Beaucoup d’experts expliquent que les technologies sont en panne depuis l’avènement des tablettes. C’est faux.

La nouvelle révolution n’est pas hardware, mais software, et plus précisément sur le contenu avec un changement de paradigme salutaire, attendu par toutes les victimes de l’infobésité que nous sommes.

Des écrans ? On en a, du plus petit au plus grand. Des ordinateurs ? Même mon smartphone est plus puissant que mon PC d’il y a cinq ans. Non, décidément, le circuit imprimé, les câbles, les émetteurs récepteurs d’onde, des trucs à stocker, tout est là.

Le tweet, le statut, le message vivent leur dernier moment de star. Ils ne disparaîtront pas, mais reviendront à leur place. Quant à l’information, elle est si démultipliée, si copiée-collée à l’envi, qu’elle fait de moins en moins recette. Après la boulimie des news en continu, le cerveau sature, la curiosité s’émousse sur l’approche superficielle des faits.
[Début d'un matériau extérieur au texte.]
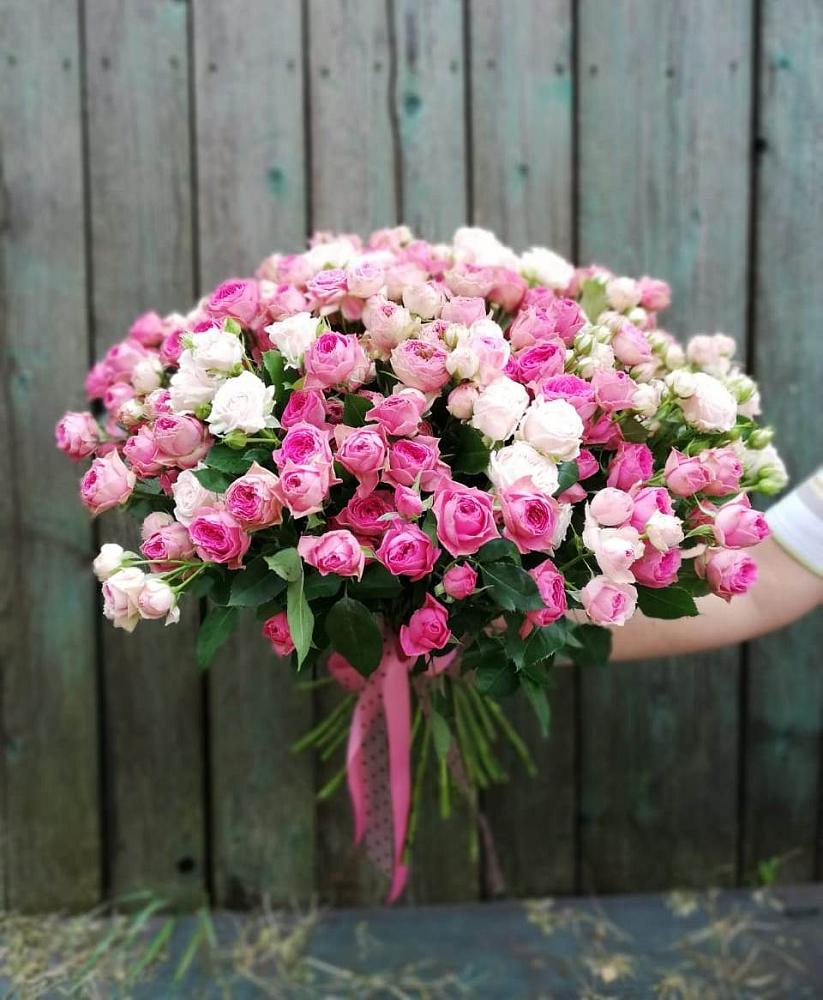 Букет Розовые кустовые розы Натали и Лав Лидия в Аромашево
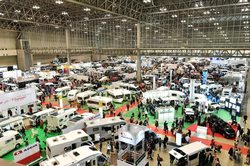 「アジア最大級！ジャパンキャンピングカーショー2016開催」の写真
Il est donc temps pour l’eLearning, ce mot anglais rigolo, décontracté. Le savoir va devenir une valeur sûre, car à la différence de l’information, le savoir est patrimonial, pérenne, s’inscrit dans la durée et rend de vrais services : il apprend à faire, à savoir-faire, à comprendre, à appréhender la complexité, à faciliter les changements. Les financiers peuvent parier dessus, c’est une valeur sûre.

Tout est là pour la floraison des savoirs numériques. Le web 1.0 a posé les bases d’une nouvelle forme de contenu, le numérique, le cliquable, l’interactif. Le web 2.0 a instauré les outils de la socialisation, de la relation, du réseau et des cercles. Le web 3.0 a créé l’e-commerce, la monétisation, la transaction financière. Et voilà le web 4.0, l’eLearning, qui profite de toutes les innovations qui l’ont précédé. Le savoir est devenu parfaitement indépendant du support papier. Numérique, il se clique, se parcourt. Social, il se partage et s’échange. Valorisable, il se monnaie, crée du patrimoine, enrichit celui qui le crée et celui qui l’achète.
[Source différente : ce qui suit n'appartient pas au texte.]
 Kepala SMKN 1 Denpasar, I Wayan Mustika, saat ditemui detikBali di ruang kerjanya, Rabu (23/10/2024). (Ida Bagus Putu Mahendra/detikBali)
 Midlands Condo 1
La tendance n’en est plus une. Les vidéos de YouTube recèlent de tutoriels, de leçons, de guides. Cela fait même partie des mots-clés les plus recherchés : how-to… En même temps, les Mooc rendent fiévreuses les universités, qui voient là un moyen de gonfler à la fois ses budgets et sa notoriété. Les entreprises, quant à elles, y voient la formation à grande échelle, l’intelligence, qui comme la sève d’un arbre, infiltre les réseaux et insuffle la connaissance pour tous.
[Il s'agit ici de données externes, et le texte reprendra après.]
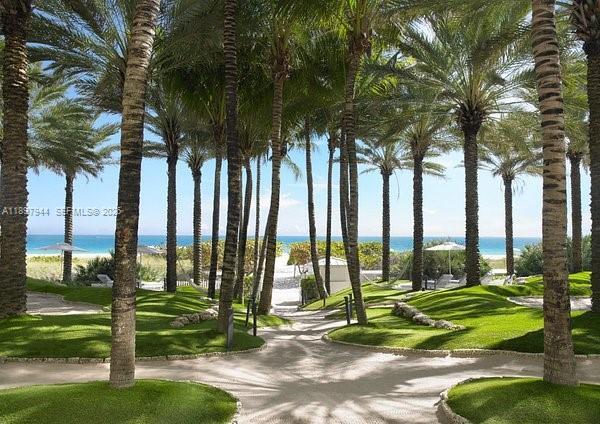 Building Photo - 8851 Byron Ave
En parallèle, les outils logiciels sont devenus légion. Tout pour faire son Mooc, son eLearning, sa formation, son guide, son tutoriel… Les prix mêmes s’effondrent. Les acteurs de la formation en ligne sont dépassés par les « open source » comme WordPress qui se met à proposer des dizaines de plug-ins pour se métamorphoser en plateforme d’eLearning complète.

C’est la raison pour laquelle j’ai décidé de porter mon attention sur les outils de créations de contenus en général, mais sur l’eLearning en particulier. J’ai consacré plusieurs articles de mon blog sur ce sujet. La liste va s’agrandir chaque jour pour faire le tour des concepts, des outils, des méthodes, des acteurs… pour comprendre où va ce web 4.0 et faire savoir le savoir-faire.